449 years ago tomorrow, the
fleet of the Holy League, mostly warships from Venice and the Spanish Empire,
met and crushed a large Ottoman fleet off the Western coast of
Greece in the Battle
of Lepanto. This victory decisively checked the expansion
of the Ottoman Empire and, maybe, saved the Christian West and the
achievements of the Renaissance.
Americans know of this
battle, if at all, mostly from G.K. Chesterton's marvelous poem Lepanto,
which was a staple in English Lit textbooks for many decades. It's a
great piece of work, full of dazzling and memorable lines, from
beginning:
White founts falling in the courts of the sun,
And the Soldan of Byzantium is smiling as they run;
to end:
Thronging of the thousands up that labour under sea
White for bliss and blind for sun and stunned for liberty.
Among the soldiers who
fought at Lepanto was one
Miguel de Cervantes Saavedra, who suffered three wounds. The
envoi
of
Chesterton's poem reads:
(Don John of Austria rides homeward with a wreath.)
And he sees across a weary land a straggling road in Spain,
Up which a lean and foolish knight forever rides in vain,
And he smiles, but not as Sultans smile, and settles back the blade....

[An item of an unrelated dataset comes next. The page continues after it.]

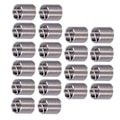 Miniatyrbillede 6 af 8: 20 stk trådgevindindsats M12 x 1 gevind reparation Reducer møtrik Spiral Circle Extension Tool2D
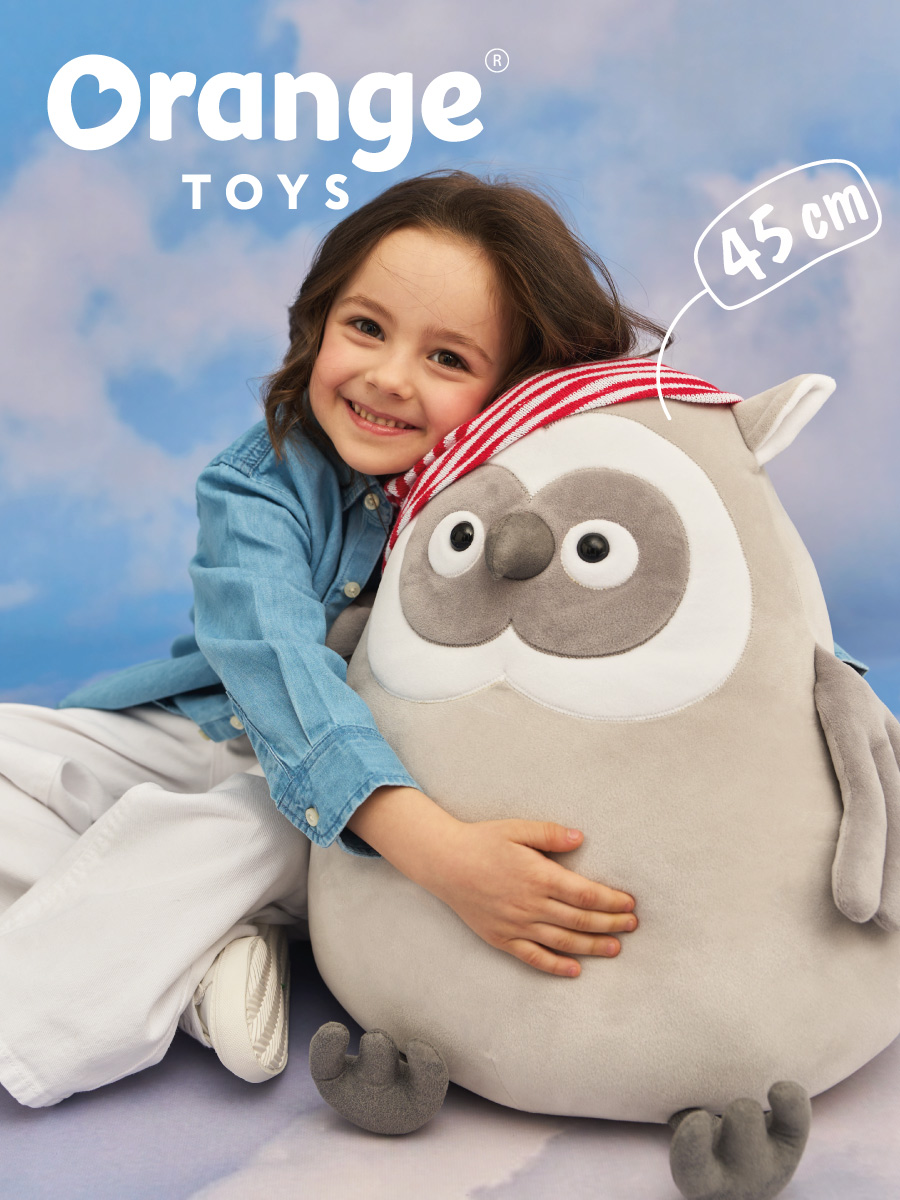 Мягкая игрушка Orange Toys Сова 33х33х45см - фото 1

(But Don John of Austria rides home from the Crusade.)
These
days, the mere idea of teaching Chesterton's Lepanto
to schoolchildren would have entire School Boards cowering under
their desks. Just the word "Crusade" would make their teeth
chatter.
1 comment:
Ah, now I see why I never heard of that battle - I read mainly American literature. What was it Mark Twain said?